While my family is playing in the sand this week, I am reposting from my categories of “Songs.” This article has drawn a lot of traffic, so I thought I would share it again. I mean, hey, I never know how much of my crazy I should hide from the public…
Miranda Lambert has her own little gritty niche in country music. Her beautiful face likes to sing about some of the uglier truths in life (yes, uglier than losing your dog, wife, and house). Lambert’s latest single, “Mama’s Broken Heart,” is about a girl who is handling a breakup in all the wrong ways. But mainly it is about challenging the way that “mama” would have her to deal– by pretending.
For those of you who haven’t stopped reading because I am discussing a country song, I wanted to consider this whole “southern” dynamic that Miranda sings about quite often. It certainly isn’t just southern, but she is right to challenge this “pretty Christianity,” as I will call it. Maybe we need to ask ourselves when good manners and respect morph into downright faking it.
In the song, Lambert sings about a very dramatic way of dealing. She resents her mother’s “softer generation where you get a grip and bite your lip just to save a little face.” While the character of the song is the subject of gossip around town from the “barflies to the Baptists,” she reflects that in her mom’s eyes it “don’t matter how you feel, it only matters how you look.” While mama tells her to “run and hide [her] crazy and start acting like a lady,” she rebels even more.

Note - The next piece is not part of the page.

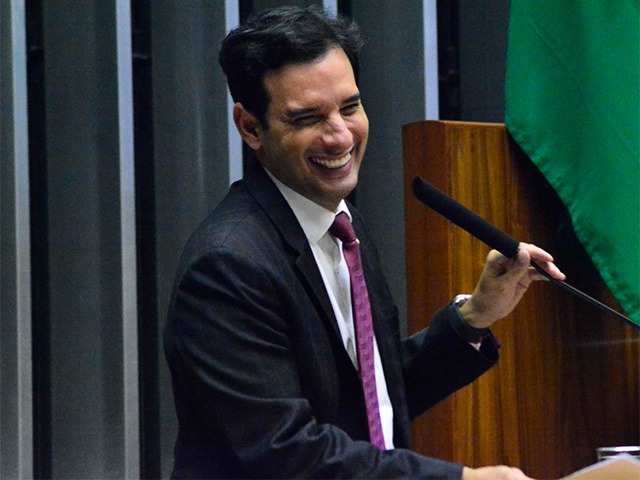 Leo Prates se destaca entre os deputados federais mais produtivos da Bahia em 2025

Sure, we certainly shouldn’t give license to act on all our feelings. And sin is sin, which is evil. But what does a good Christian do when they have a broken heart, or a hurtful disagreement, don’t get that job we we’re after, or are just exhausted with life? We are all tempted to sin—all the time. Do we just pretend like we aren’t?
I think that much of the problem is a confusion about sanctification. Because we are justified in Jesus Christ, we are called to live a life of faith and obedience. But we can’t sanctify ourselves. God is faithful to his covenant and he is much more concerned with the reality of our broken hearts than how we look through the process. If you think about it, we are all crazy. Sin is crazy. Wanting to be fulfilled by anything other than Jesus Christ is crazy! Looking to anything else for meaning and value—just plain nuts. We need to look at our own crazy so that we see our need for Christ. But if we’re too busy hiding our crazy and acting like sanctified Christians, we are really on a self-atonement plan that is the craziest idea of all!
When I first heard Lambert’s song, I was thinking about all this fakeness in the church, and life in general. I was thinking about how we need to be real with people so that God can work on our broken hearts. “Blessed are the poor in spirit, for theirs is the kingdom of heaven.”
But as I was reflecting on it further, I began to think that I can really be that mama who keeps telling their kids to hide their crazy. I mean, a major part of my job is spent working on behavior. When it comes down to it, I don’t want my kid to be the one “holdin’ the matches when the fire trucks show up and there’s nobody else to blame.” I do have to teach them to resist sin, even when their “feelings” tell them otherwise. This is why the gospel is so important. It’s something that is totally outside of us, good news about what Christ has done despite myself. Our feelings may reek of desperation and bad desires. But we need to identify them for what they are and bring them to the cross.
If I’m honest, I don’t think that I have created the best parenting environment for the gospel. I think that in some ways I have made it a little easier for my children to tell a lie and “hide their crazy.” Sure, many times that’s on them because they are merely trying to avoid the consequences of sin. But, is my heart prepared to offer compassion as well, or do they think that I am going to tersely condemn them with no grace? I have to ask myself if maybe sometimes I am more concerned with how my children make me look more than what is going on in their own hearts. Or maybe I’m just too tired to deal with it all. The difficulties in parenting just make me realize how much grace I need myself. But Lambert sings a mantra at the end of her song that I would never want my children to learn from me:Powder your nose, paint your toes Line your lips and keep ‘em closed Cross your legs, dot your I’s And never let ‘em see you cry
Christianity is only pretty because of our beautiful Savior. Painting our own righteousness over our crazy isn’t fooling anyone.